Purpose of File Compression

File compression is the process of reducing the size of computer files by utilising more effective and non-redundant methods to convey the same amount of data for the purposes of:

Saving Disk Space – allows for more data to be stored on the storage device.
Faster Transmission – compressed files require less time and bandwidth to transmit over the internet, making them easier to distribute. It is also useful when dealing with file size limitations, such as email attachment limits (usually ~20-25Mb).
Organisation – businesses/individuals with large amounts of files or backup data can benefit greatly from compressing multiple files into a single archive, which not only saves disk space and makes management easier but also helps with data organisation.

Lossy

Lossy compression reduces the size of a file by permanently discarding unnecessary data that is deemed unnoticeable or redundant.

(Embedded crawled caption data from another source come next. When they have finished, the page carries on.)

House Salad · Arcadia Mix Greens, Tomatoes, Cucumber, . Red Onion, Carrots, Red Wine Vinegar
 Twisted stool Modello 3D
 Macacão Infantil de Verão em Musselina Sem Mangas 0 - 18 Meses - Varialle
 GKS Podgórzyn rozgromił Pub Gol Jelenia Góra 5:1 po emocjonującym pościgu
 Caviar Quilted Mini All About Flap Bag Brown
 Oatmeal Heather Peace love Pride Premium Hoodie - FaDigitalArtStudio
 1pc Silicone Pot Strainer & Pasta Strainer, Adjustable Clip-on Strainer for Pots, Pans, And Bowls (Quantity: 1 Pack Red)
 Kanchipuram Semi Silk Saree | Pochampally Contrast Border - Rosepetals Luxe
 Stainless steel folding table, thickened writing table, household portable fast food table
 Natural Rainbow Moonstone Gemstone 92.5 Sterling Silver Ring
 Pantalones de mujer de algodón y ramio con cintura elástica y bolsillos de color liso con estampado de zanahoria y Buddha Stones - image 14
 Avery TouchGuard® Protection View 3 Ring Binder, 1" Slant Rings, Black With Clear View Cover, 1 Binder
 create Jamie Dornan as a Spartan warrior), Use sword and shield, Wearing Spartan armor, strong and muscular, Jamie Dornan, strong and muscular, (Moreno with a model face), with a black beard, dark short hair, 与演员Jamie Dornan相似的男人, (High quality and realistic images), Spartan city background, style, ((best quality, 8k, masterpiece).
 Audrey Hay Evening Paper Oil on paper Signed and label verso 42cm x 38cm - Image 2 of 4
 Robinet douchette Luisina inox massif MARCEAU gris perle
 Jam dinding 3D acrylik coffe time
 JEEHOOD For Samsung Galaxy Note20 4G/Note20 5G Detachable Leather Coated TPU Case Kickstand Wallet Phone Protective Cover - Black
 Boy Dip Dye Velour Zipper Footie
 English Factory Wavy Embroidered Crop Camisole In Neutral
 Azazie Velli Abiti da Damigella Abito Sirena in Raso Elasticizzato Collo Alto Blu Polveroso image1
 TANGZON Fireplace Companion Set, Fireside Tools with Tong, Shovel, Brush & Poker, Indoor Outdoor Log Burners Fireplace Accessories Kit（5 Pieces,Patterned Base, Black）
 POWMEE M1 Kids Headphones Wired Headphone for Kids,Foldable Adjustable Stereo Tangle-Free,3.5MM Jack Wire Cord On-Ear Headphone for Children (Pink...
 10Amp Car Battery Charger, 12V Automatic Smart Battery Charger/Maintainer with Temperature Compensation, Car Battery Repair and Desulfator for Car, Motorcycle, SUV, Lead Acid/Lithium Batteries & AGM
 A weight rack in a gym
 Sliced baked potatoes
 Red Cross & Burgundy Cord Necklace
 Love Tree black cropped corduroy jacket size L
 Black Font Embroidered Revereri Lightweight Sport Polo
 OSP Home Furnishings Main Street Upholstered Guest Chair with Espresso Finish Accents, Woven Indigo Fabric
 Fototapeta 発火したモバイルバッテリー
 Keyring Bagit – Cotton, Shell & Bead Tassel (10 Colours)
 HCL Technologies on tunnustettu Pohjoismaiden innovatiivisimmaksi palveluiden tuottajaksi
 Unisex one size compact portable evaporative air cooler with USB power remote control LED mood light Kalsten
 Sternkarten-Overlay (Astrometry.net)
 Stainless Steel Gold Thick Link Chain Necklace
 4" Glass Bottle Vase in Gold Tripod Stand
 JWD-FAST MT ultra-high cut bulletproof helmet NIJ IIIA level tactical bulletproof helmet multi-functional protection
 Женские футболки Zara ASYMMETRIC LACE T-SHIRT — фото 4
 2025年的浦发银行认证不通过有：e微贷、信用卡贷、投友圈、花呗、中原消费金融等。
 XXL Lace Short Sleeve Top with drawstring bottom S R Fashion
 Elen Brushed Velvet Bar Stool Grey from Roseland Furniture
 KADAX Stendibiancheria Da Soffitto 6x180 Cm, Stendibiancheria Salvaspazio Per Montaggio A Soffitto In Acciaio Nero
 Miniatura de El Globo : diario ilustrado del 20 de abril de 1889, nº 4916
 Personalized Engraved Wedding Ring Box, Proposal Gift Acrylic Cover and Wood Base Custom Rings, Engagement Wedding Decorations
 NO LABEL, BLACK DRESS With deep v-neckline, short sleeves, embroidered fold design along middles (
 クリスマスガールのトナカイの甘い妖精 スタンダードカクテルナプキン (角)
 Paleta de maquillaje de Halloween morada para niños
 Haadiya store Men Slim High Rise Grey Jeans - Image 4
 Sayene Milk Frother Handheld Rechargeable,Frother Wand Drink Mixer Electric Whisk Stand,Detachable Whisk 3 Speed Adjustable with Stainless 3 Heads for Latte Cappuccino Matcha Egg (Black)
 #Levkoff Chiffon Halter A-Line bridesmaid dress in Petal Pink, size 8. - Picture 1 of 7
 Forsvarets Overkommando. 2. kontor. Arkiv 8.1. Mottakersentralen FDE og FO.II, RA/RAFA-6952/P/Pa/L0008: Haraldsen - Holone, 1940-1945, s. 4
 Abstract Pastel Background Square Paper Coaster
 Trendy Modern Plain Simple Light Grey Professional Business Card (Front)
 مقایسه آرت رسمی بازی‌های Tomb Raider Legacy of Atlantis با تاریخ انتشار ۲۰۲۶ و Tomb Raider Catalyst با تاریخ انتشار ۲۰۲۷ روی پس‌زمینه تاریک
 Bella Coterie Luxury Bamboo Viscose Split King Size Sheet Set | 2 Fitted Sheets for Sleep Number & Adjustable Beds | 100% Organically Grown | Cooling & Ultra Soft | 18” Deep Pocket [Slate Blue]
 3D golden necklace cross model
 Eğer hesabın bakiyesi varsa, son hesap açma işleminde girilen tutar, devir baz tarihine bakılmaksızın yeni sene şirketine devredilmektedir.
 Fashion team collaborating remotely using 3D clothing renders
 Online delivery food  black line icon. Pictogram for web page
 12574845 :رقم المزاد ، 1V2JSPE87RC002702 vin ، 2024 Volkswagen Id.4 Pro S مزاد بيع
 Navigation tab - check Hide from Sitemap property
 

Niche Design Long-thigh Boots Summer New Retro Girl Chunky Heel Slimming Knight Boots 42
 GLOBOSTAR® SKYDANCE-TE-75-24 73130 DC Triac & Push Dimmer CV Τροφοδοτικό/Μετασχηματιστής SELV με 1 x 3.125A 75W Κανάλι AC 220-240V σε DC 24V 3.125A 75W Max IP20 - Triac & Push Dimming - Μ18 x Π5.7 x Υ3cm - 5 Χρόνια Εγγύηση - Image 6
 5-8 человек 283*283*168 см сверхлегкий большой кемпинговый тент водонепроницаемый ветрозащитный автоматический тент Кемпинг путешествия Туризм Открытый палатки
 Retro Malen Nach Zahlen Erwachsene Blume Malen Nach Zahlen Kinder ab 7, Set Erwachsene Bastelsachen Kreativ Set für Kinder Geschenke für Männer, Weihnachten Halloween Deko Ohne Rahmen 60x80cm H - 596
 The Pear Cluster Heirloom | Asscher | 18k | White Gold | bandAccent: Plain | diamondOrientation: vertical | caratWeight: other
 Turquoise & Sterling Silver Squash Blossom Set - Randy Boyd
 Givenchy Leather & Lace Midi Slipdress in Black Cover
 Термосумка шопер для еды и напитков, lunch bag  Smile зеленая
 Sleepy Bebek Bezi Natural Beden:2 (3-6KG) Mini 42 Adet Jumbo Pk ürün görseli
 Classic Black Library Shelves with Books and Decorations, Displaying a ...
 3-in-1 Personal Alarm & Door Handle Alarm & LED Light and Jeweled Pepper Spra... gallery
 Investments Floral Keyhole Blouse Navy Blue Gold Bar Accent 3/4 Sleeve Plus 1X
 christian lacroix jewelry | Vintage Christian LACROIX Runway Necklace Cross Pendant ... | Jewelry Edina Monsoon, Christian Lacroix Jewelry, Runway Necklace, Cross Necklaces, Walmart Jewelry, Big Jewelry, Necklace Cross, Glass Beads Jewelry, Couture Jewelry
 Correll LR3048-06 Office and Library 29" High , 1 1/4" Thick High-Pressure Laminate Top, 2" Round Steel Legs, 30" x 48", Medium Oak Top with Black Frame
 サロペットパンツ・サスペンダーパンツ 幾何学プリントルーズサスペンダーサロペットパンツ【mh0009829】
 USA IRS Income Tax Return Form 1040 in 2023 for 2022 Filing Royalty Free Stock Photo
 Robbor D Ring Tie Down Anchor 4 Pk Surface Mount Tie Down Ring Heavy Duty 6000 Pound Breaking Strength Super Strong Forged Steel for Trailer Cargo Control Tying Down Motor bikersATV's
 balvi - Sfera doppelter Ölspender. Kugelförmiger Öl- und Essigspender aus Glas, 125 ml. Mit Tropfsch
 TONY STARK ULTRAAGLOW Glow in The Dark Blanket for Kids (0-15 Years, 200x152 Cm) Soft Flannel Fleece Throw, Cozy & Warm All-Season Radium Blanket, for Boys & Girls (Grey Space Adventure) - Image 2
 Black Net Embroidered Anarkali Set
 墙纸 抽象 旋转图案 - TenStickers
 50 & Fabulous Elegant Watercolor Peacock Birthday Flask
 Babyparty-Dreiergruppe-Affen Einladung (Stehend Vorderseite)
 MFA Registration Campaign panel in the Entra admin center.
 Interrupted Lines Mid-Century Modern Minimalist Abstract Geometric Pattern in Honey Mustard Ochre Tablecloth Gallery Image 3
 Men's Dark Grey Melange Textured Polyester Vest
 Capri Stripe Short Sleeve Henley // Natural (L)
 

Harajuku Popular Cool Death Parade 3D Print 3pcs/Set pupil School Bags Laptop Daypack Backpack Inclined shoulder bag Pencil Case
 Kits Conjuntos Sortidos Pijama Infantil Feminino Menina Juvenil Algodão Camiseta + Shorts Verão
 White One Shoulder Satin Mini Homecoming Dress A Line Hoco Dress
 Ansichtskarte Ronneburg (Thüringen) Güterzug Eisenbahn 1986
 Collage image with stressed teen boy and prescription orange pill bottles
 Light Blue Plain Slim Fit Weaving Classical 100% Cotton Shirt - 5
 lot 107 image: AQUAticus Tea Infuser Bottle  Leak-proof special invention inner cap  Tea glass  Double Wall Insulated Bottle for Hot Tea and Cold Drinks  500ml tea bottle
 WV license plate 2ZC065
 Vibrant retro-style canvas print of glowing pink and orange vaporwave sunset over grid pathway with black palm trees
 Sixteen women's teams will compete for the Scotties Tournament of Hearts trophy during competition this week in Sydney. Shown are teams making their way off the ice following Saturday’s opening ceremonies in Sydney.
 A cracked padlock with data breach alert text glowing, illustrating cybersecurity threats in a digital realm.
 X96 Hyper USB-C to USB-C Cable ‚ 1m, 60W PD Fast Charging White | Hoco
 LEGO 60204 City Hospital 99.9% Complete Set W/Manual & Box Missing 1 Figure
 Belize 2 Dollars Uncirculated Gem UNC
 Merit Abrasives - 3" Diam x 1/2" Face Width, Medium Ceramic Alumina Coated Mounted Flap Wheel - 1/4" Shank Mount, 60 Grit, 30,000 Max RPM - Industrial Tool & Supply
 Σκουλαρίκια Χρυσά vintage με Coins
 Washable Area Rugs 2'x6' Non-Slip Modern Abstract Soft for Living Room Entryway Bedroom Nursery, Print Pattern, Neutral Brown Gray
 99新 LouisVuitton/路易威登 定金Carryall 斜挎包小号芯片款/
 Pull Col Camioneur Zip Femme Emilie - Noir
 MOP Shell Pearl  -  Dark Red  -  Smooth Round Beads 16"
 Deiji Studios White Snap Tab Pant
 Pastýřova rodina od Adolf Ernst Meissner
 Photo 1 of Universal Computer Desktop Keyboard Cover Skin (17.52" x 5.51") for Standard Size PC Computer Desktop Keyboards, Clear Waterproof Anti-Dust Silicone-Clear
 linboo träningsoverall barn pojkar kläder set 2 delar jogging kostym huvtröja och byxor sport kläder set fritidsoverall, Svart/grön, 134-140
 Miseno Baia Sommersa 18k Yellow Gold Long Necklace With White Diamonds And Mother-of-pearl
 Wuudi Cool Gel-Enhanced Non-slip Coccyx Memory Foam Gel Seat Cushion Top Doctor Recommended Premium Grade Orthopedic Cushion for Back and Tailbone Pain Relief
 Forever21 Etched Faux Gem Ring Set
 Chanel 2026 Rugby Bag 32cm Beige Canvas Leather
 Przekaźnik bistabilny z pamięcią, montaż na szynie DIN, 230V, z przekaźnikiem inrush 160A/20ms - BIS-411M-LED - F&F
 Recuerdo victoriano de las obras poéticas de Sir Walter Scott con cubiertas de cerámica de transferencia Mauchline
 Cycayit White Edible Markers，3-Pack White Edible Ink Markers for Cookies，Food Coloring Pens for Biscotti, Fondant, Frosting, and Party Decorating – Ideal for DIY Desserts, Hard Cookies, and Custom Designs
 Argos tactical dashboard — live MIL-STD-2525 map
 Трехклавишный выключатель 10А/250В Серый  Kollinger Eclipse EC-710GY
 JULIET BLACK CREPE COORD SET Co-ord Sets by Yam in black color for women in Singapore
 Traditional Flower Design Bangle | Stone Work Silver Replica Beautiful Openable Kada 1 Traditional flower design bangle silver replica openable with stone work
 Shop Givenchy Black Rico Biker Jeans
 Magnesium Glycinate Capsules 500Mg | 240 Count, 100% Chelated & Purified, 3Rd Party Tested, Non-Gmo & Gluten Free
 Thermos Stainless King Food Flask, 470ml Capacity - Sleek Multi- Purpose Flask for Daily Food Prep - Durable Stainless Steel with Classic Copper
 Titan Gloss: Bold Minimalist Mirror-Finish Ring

This process is irreversible, meaning that the file cannot be fully restored to its original form after compression. It is commonly used for compressing images (JPEG), audio (MP3), and videos (MP4) but not documents or text files as it can result in missing characters and render the original text unreadable.

When compressing images, the algorithm aims to eliminate high-quality details that are not perceptible to the human eye. This process may involve blurring or smoothing high-frequency details, or grouping pixels with slight colour variations, which reduces the colour depth. (for further explanation on bit/colour depth, refer to the Common File Formats (Graphic) page). As the compression ratio increases, the loss of detail and colour degradation will become more noticeable and eventually result in visible artifacts (i.e. pixelation) in areas previously containing fine details or sharp colour transitions.

In audio file compression, the algorithm uses perceptual audio coding to analyse audio signals and discard high-frequency sounds that are beyond the range of human hearing. Additionally, psychoacoustics is employed to identify sounds that are masked by louder sounds and thus inaudible to the human ear (this has also been explained in the Common File Formats (Audio) page).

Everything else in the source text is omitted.